Is Hong Kong afraid of Ai Weiwei?

A man in marble is giving me the finger.        

I'm at Art HK, Asia's leading art fair, and the one-finger salute is from the 2007 sculpture "Marble Arm" by outspoken artist-activist Ai Weiwei. As we all should know by now, Ai was detained by Beijing authorities almost two months ago in an ongoing campaign against Chinese activists. Ai has since been accused of tax evasion.

"Marble Arm" is linked to a series of provocative snapshots featuring Ai raising his middle finger to various symbols of power from the White House to Tiananmen Square.  On reserve, it has a prospective buyer who is willing to pay $280,000 for the work.

And today, that marble middle finger is greeting prospective buyers and curious visitors at Art HK's Galerie Urs Meile exhibition space.

But it is a lonely protest. Among the 260 galleries at the international art fair, "Marble Arm" is the only work by Ai on display.

There are a few "Where is Ai Weiwei?" freebie pins and t-shirts available from Galerie Urs Meile and two other dealers at the fair. But for the most part, at Asian's largest art fair, China's most well-known artist is noticeably missing.

Both the United States and the European Union have called for the artist's release, but the commercial art community in Asia seems to be taking a more, shall we say, diplomatic approach.
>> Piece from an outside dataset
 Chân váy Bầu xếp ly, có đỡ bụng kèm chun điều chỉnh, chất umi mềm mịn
Art HK director Magnus Renfrew calls Ai Weiwei "an artist who we greatly admire."

And yet Renfrew delivers even more praise for the city of Hong Kong "where freedom of expression is greatly valued, and freedom of expression is protected under the Bill of Rights of Hong Kong and under the Basic Law of Hong Kong.  So it is a very good place for the full variety of voices to be heard."
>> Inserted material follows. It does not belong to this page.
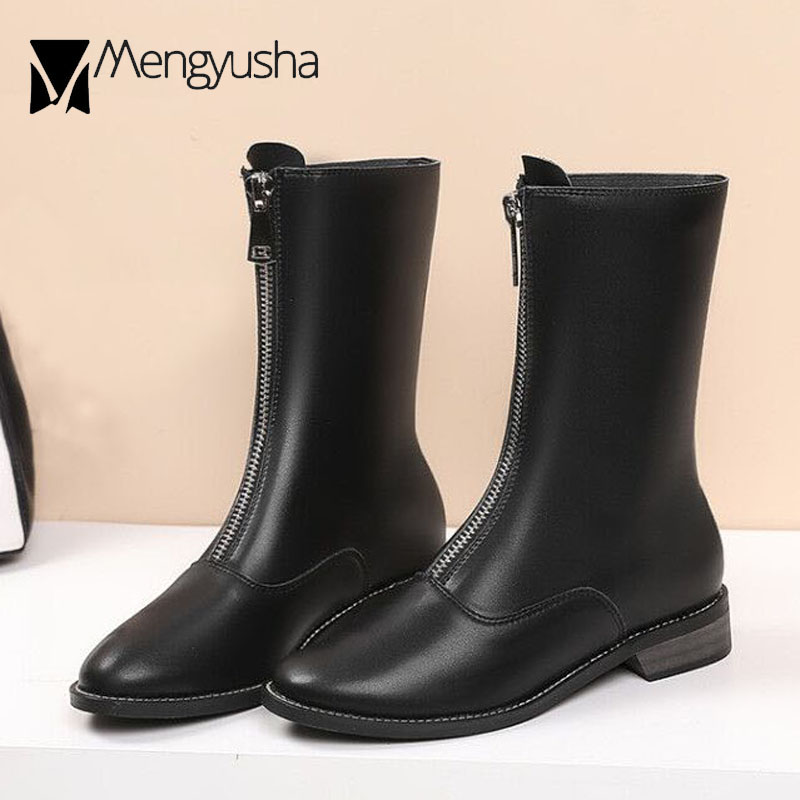 Zipper Women Brand Front Zip Closure Short Boots High Top Mid-Calf Motorcycle Botas Plush Winter Footwear Snow Booties 5be5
Those voices are being heard far from the gleaming halls of the Hong Kong Convention and Exhibition Center.

In a gritty industrial space in the city's Chai Wan district, 50 Hong Kong artists are speaking out against Ai's detention in a non-selling exhibition called "Love the Future." In Mandarin, it reads as "Ai Wei Lai," a pun on "Ai Wei Wei" and a code name used by the artist's online supporters when he first went missing.

Those three characters have been censored on the Internet in Mainland China, but in Hong Kong it's clearly seen online and throughout the makeshift gallery space. There's a lightbox of a hyper-pixellated portrait of Ai Weiwei. In another corner, there is a photo collage of various Hong Kong figures with Ai's name painted on their foreheads.

"Love the Future" is organized by Hong Kong sculptor Kacey Wong. Wong also organized a Hong Kong protest march in April that attracted an estimated 2,000 people. Wong calls Ai's arrest a wake-up call for him and fellow local artists. He tells me, "We Hong Kong people tend to live inside a bubble because we have freedom here. Whereas in China, there is suppression and illegal detention of good-hearted people."

Wong also says Ai's detention has brought about a personal ephiphany about what it means to be a Hong Kong artist, as opposed to a Mainland Chinese one: "We, in contrast, can speak the truth... without thinking too much."

In the days immediately following Ai's disappearance, high-contrast graffiti images appeared throughout Hong Kong showing the bearded face of the artist and a simple question, "Who's afraid of Ai Weiwei?" Another graffiti campaign flashed a projection of the Ai Weiwei image onto the Chinese People's Liberation Army barracks in Hong Kong.

The artists behind the graffiti are laying low... and for good reason. Hong Kong police are investigating criminal damage charges against them, which could carry a sentence of up to 10 years in jail.

One can only wonder if Ai Weiwei would nod in approval to such acts of creative defiance here in Hong Kong.

Ai remains detained for an indefinite period of time in an undisclosed location. Despite his imprisonment, Ai has opened major exhibitions in New York and London... and inspired a grassroots movement in Hong Kong while defiantly raising his middle finger in a massively public space on Chinese soil.

The artist may be silenced, but not his message.